As a US citizen of global proportions, I feel compelled to explain our presidential election process to my three European readers.
First and foremost, it’s important to understand that the American election is run by the entertainment and advertising industries. Europeans who bemoan our superficial candidates don’t understand that we are voting for actors, not statesmen.
We vote for personalities, not politics. This is because the mainstream Democrats and Republicans aren’t really that different. If you still have trouble understanding the two main parties, here’s an easy trick: Coors is the official beer of the Republican Party, the more Euro-friendly Democrats drink Budweiser.
Unlike most places, where campaigns last a couple of months, we Yanks like to draw the process out for nearly two years. This is to assure that no sitting president can get anything done in the last half of a four year term.
Our extended election cycle is a giant economic stimulus package for event planners, caterers, hookers and consultants.
Because we have too many states to keep track of, we start with a primary election in the state of Iowa, followed quickly by New Hampshire. Both states receive an immense financial windfall from the sale of (imported) American flags.

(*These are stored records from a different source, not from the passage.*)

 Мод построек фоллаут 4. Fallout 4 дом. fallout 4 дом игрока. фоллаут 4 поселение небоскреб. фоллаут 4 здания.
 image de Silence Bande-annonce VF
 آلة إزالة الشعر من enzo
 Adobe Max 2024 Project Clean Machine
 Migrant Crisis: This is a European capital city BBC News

Iowa and New Hampshire serve a vital purpose: they eliminate the most entertaining novelty candidates. This helps giant donors funnel limitless cash on the remaining candidates. Eventually, the remaining forty-eight sates stage increasingly expensive primary contests to assure that advertising and TV money flows from the rich to the super-rich.

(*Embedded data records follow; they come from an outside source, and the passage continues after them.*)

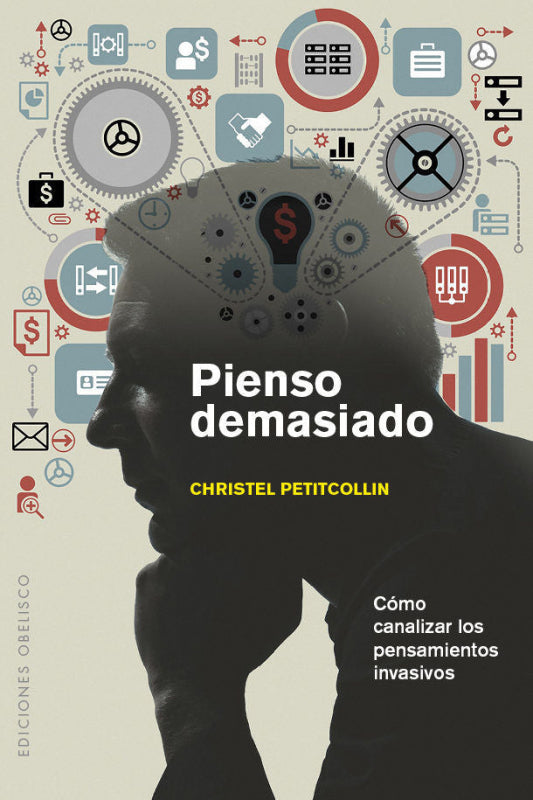 Pienso Demasiado Libro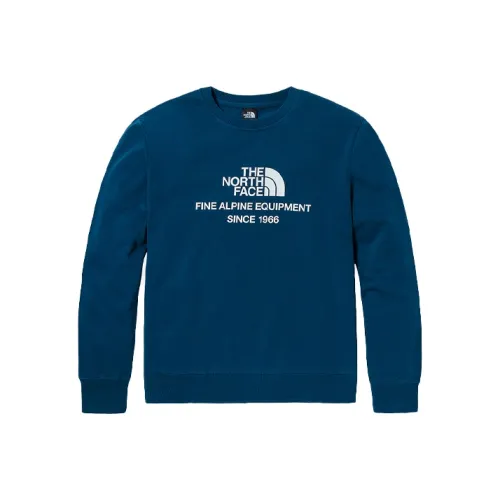 The North Face Синий Унисекс Свитшоты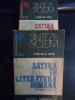 Satira In Literatura Romana Vol.1-2 - Virgiliu Ene ,541283, Albatros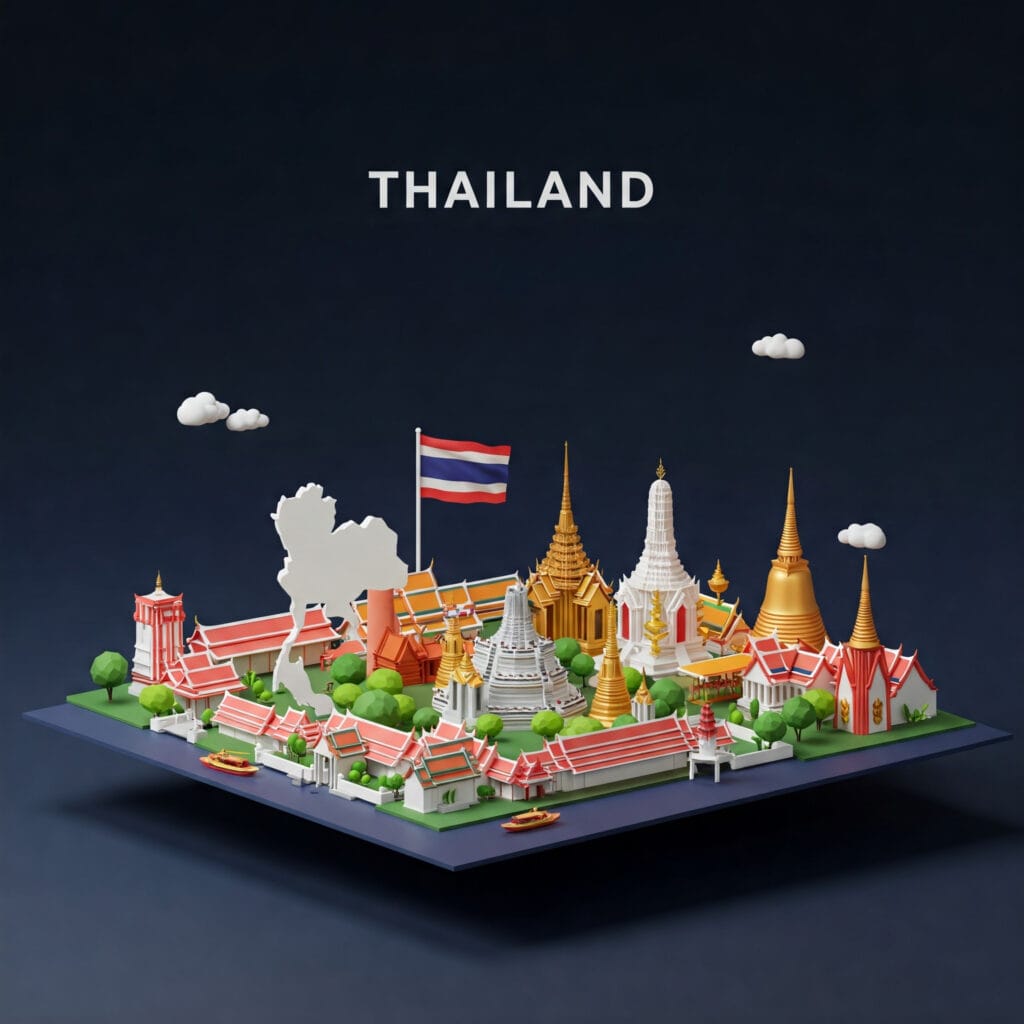 decision yet’ on cutting Thai visa-free period‘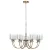 Подвесная люстра Odeon Light Saga Classic 5088/8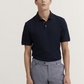 HERREN POLO 1/2 ARM - 75104C 8150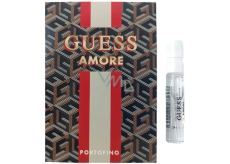 Guess Amore Portofino toaletní voda unisex 2 ml vialka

A few months before the final election, when most Americans have completely lost interest, each party stages their big convention.
The main outcome of the convention is the “party platform.” The platform serves the same purpose in politics as in Olympic diving: the competitor must jump off the platform, twist and turn in mid-air, and land in the great bathtub of public approval without splashing anyone. Any candidate who “flip-flops” loses points.

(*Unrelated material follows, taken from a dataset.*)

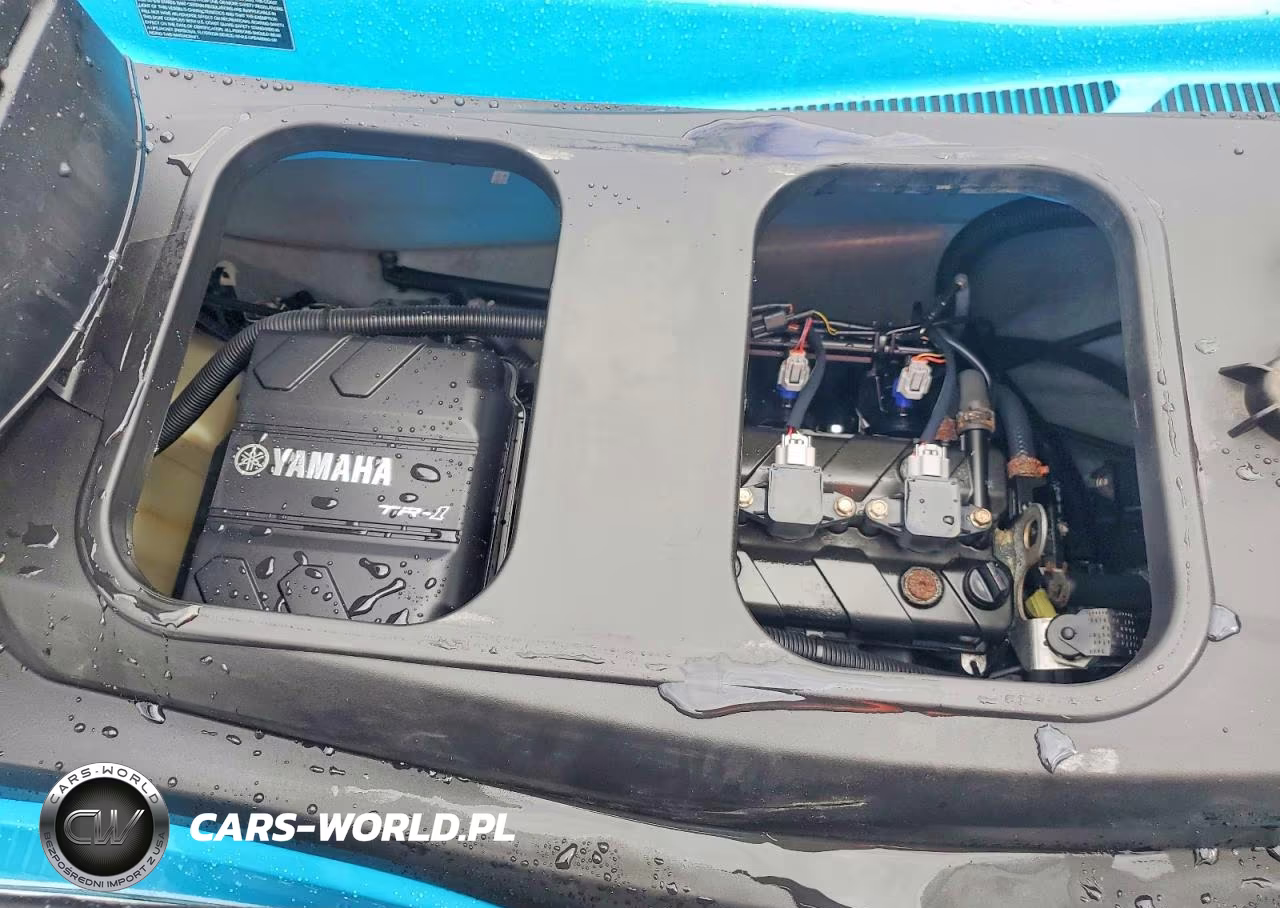 2023 Yam Jetski VIN:YAMA2550E323 - 7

Once the convention is over, the final leg of the campaign marathon begins. Because most voters are loyal to their party, the candidates now engage in symbolic struggle to seduce a small percentage of critical swing voters to their side. These undecided voters force the candidates to escape Houdini-like from a variety of contorted positions.
In a series of televised debates that increasingly resemble "Survivor Island," hot-button topics like “Coke vs. Pepsi” get more scrutiny than dull questions about foreign policy.
It’s a well known fact that most eligible voters don’t. This is because after two years of over-exposure, we’re sick of the candidates. We know them too well and don’t want any. By the final, fateful November election day, the northern half of the country is home bound due to freak snowstorms while the southern half forgets to vote.
This is why the incumbent usually wins.